Abstract

The main complications of breast implantation are caused by capsular contracture and implant rupture. Although the evaluation of implant rupture is primarily driven by patient symptoms, including change in breast shape, size, or firmness, most patients with breast implant rupture do not clinically manifest significant symptoms, thereby developing a so-called silent rupture. For all these reasons, its diagnosis generally relies on imaging techniques such as mammography, ultrasound, and magnetic resonance imaging. We conducted a retrospective non-randomized study, carried out between March 2013 and August 2017. In this study, we evaluated 30 symptomatic patients who underwent mono or bilateral prosthetic breast reconstruction, a total of 51 implants after skin-sparing mastectomy or nipple-sparing mastectomy for breast cancer and following breast implant removal or replacement due to suspicious rupture or capsule contraction. Ultrasound suspected ruptures in 32/51 (62.7%) implants, while 19/51 implants resulted intact upon ultrasound examination. The sensitivity and specificity of ultrasound were 90 and 80% respectively. Magnetic resonance imaging suspected ruptures in 30/51 (58.8%) implants, while 21/51 (41.1%) implants resulted intact.

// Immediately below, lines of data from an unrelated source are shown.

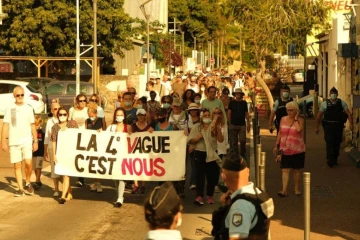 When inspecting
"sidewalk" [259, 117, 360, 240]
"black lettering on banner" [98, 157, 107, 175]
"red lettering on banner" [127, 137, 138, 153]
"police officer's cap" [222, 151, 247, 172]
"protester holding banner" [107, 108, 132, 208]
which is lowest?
"sidewalk" [259, 117, 360, 240]

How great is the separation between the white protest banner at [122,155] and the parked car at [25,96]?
1994 cm

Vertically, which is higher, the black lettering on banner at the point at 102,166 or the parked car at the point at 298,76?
the parked car at the point at 298,76

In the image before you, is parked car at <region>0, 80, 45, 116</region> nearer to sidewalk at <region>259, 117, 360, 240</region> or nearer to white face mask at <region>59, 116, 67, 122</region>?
sidewalk at <region>259, 117, 360, 240</region>

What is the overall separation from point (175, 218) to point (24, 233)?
819cm

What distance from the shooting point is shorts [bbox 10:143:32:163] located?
16.3m

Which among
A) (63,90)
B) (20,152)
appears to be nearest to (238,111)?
(20,152)

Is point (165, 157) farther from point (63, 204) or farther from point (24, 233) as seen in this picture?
point (24, 233)

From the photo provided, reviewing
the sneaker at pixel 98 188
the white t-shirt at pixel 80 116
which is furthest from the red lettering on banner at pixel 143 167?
the white t-shirt at pixel 80 116

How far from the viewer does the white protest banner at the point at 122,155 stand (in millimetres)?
15701

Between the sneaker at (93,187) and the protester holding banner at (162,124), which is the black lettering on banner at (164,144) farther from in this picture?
the sneaker at (93,187)

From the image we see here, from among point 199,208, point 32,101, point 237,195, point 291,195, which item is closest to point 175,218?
point 237,195

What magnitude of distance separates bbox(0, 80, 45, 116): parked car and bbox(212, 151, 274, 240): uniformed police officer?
30027 mm

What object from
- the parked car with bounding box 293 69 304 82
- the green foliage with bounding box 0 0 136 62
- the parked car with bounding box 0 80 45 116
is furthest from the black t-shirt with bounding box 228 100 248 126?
the parked car with bounding box 293 69 304 82

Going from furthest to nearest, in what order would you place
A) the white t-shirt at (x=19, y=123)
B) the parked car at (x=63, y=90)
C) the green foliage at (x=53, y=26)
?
the green foliage at (x=53, y=26), the parked car at (x=63, y=90), the white t-shirt at (x=19, y=123)
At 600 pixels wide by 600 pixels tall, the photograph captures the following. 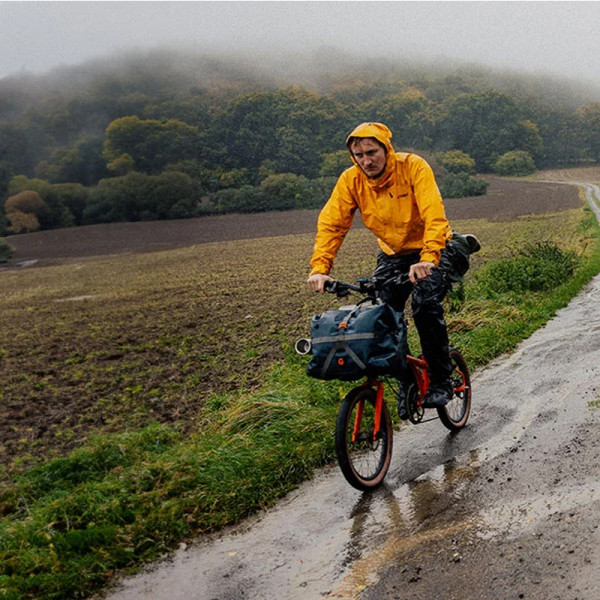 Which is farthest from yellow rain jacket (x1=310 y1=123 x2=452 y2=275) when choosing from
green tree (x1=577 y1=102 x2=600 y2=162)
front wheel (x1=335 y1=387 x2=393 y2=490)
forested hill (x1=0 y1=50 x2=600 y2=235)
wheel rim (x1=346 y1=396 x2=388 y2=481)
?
green tree (x1=577 y1=102 x2=600 y2=162)

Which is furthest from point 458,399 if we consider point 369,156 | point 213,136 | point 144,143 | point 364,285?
point 213,136

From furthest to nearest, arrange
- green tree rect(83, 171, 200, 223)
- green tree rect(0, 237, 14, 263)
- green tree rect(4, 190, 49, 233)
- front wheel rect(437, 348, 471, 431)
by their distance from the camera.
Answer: green tree rect(83, 171, 200, 223), green tree rect(4, 190, 49, 233), green tree rect(0, 237, 14, 263), front wheel rect(437, 348, 471, 431)

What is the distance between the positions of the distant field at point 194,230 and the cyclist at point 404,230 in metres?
33.7

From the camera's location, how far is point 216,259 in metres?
29.4

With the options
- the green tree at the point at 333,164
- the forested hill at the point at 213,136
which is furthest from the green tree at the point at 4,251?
the green tree at the point at 333,164

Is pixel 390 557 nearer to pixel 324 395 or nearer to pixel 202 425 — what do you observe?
pixel 324 395

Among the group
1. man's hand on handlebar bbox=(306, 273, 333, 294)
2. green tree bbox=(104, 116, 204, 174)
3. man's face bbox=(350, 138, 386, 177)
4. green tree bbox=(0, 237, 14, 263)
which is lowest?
green tree bbox=(0, 237, 14, 263)

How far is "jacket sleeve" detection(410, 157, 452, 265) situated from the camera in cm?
409

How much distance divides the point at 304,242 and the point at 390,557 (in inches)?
1260

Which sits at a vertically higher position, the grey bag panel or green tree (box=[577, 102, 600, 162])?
green tree (box=[577, 102, 600, 162])

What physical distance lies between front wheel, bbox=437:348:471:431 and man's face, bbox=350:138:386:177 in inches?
66.5

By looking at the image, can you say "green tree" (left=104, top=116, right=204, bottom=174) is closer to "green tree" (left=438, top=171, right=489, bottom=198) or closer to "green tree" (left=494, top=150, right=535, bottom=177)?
"green tree" (left=438, top=171, right=489, bottom=198)

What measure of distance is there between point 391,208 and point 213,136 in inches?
3453

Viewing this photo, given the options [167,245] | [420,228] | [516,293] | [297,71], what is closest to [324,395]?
[420,228] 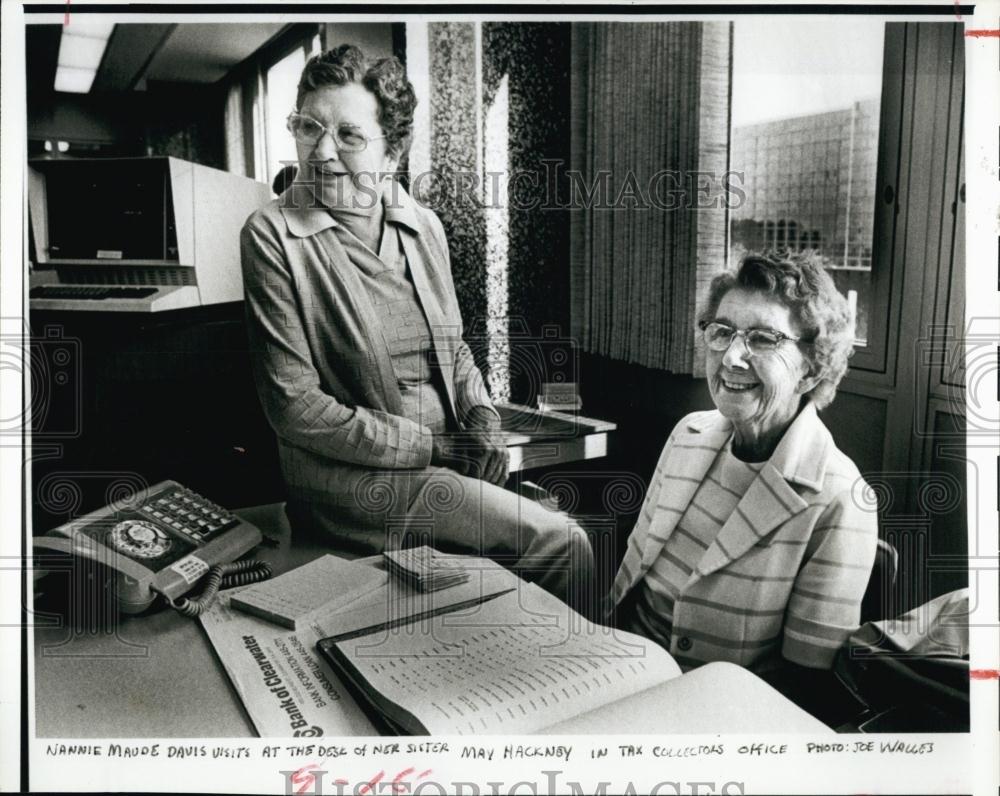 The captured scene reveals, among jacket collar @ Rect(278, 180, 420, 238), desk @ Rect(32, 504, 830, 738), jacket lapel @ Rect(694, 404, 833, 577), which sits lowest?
desk @ Rect(32, 504, 830, 738)

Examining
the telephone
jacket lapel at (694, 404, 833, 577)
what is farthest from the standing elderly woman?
jacket lapel at (694, 404, 833, 577)

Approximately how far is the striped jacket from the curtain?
0.61 ft

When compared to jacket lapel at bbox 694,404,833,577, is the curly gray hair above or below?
above

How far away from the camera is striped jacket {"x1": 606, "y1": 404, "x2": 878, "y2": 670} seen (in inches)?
50.9

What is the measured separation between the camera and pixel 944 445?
1.37 metres

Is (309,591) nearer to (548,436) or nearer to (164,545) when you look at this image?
(164,545)

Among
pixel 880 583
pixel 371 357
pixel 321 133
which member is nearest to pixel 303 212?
pixel 321 133

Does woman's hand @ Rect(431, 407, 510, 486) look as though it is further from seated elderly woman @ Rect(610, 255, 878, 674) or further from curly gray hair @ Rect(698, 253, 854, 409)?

The magnetic resonance imaging sensitivity and specificity were 87 and 85%, respectively. Ultrasound evaluation may be the first level exam in case of suspicious symptomatic breast implant rupture. Importantly, our results demonstrate that magnetic resonance imaging could be avoided in all those cases where an extracapsular rupture has been diagnosed using ultrasound. Level of Evidence: Level IV, diagnostic study.